Since only part of the material below is wanted, output exactly the lines from the one with "Used 2024 Hyundai Ioniq 5 Limited image 60" up to and including the one with "Para Skateboarder melakukan".

▶ [DATA PROVIDED]
= = =

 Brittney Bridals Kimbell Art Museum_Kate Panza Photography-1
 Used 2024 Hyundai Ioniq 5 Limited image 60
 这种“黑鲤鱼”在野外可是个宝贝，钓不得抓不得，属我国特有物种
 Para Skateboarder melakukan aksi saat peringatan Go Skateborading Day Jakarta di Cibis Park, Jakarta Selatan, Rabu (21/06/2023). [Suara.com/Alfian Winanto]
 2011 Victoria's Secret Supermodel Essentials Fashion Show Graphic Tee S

= = =

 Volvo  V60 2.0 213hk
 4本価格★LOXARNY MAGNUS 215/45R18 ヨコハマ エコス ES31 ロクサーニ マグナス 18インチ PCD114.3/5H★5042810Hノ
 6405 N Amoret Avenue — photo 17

= = =

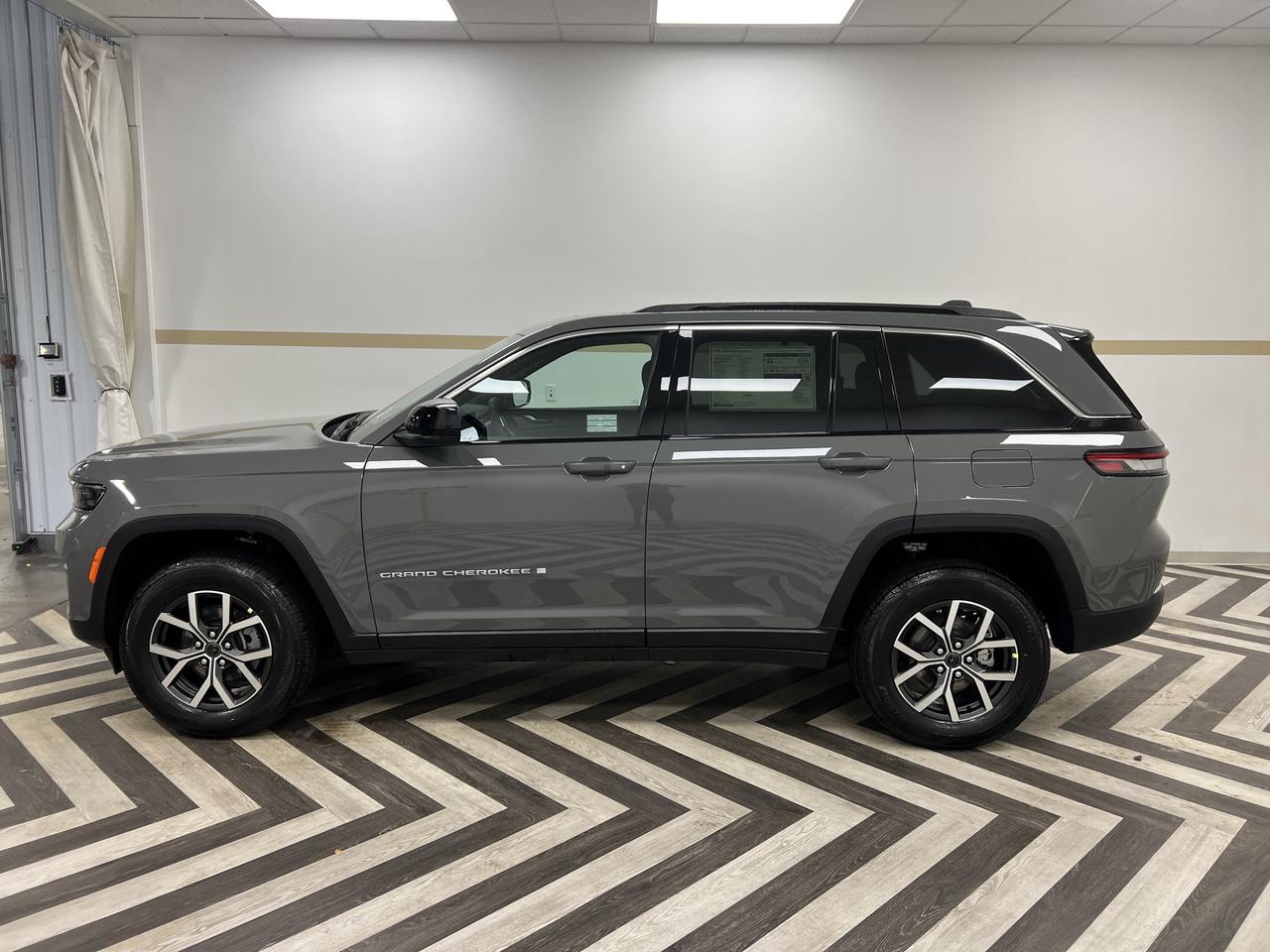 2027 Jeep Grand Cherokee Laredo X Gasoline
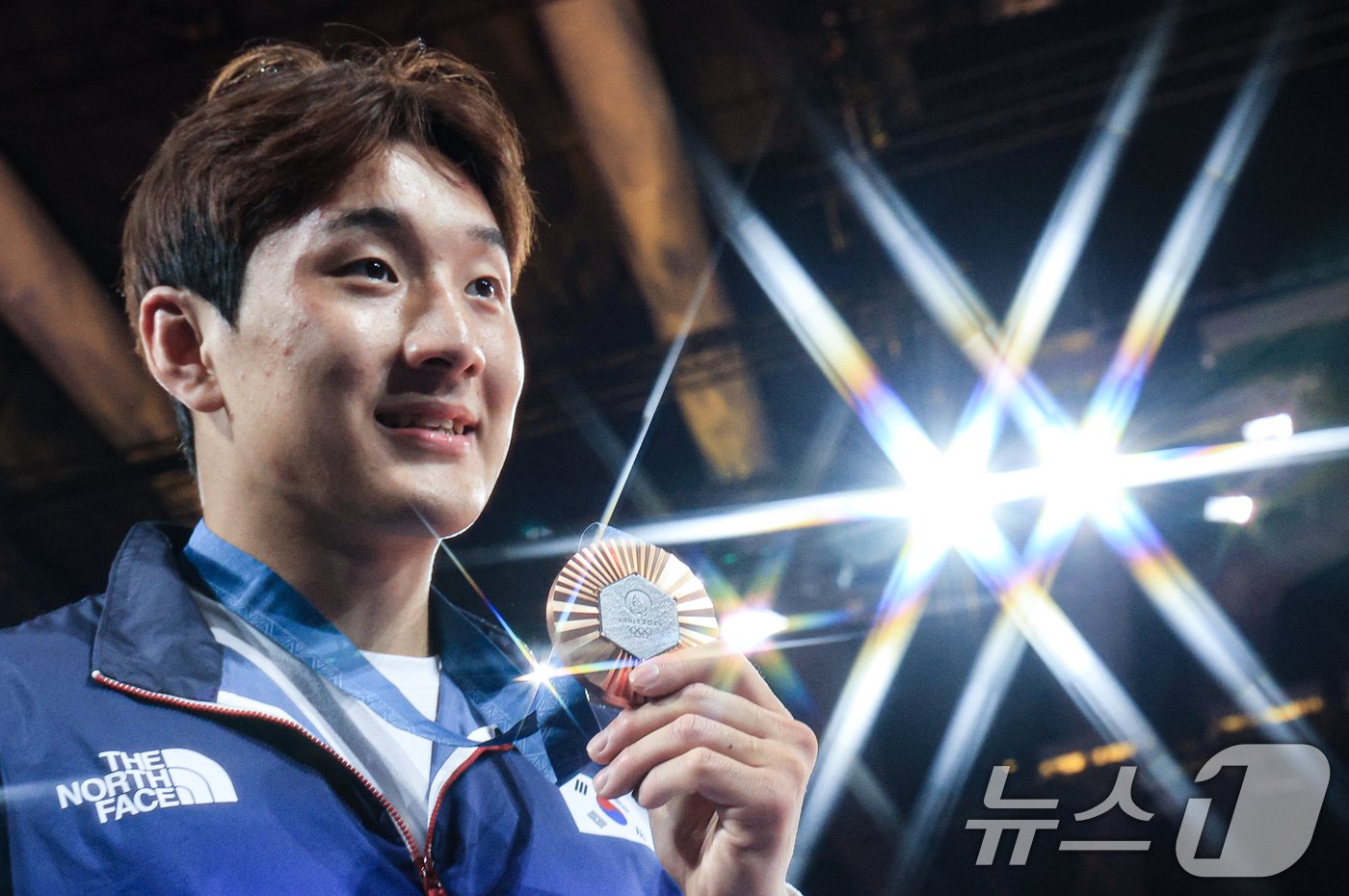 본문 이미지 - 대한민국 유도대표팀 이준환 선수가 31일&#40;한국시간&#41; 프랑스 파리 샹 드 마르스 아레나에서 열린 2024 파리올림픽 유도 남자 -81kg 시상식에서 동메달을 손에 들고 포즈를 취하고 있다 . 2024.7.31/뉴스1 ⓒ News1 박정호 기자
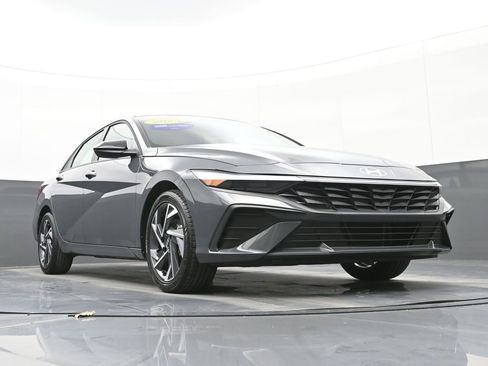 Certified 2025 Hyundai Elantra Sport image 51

= = =

▶ [EXPECTED ANSWER]
 Used 2024 Hyundai Ioniq 5 Limited image 60
 这种“黑鲤鱼”在野外可是个宝贝，钓不得抓不得，属我国特有物种
 Para Skateboarder melakukan aksi saat peringatan Go Skateborading Day Jakarta di Cibis Park, Jakarta Selatan, Rabu (21/06/2023). [Suara.com/Alfian Winanto]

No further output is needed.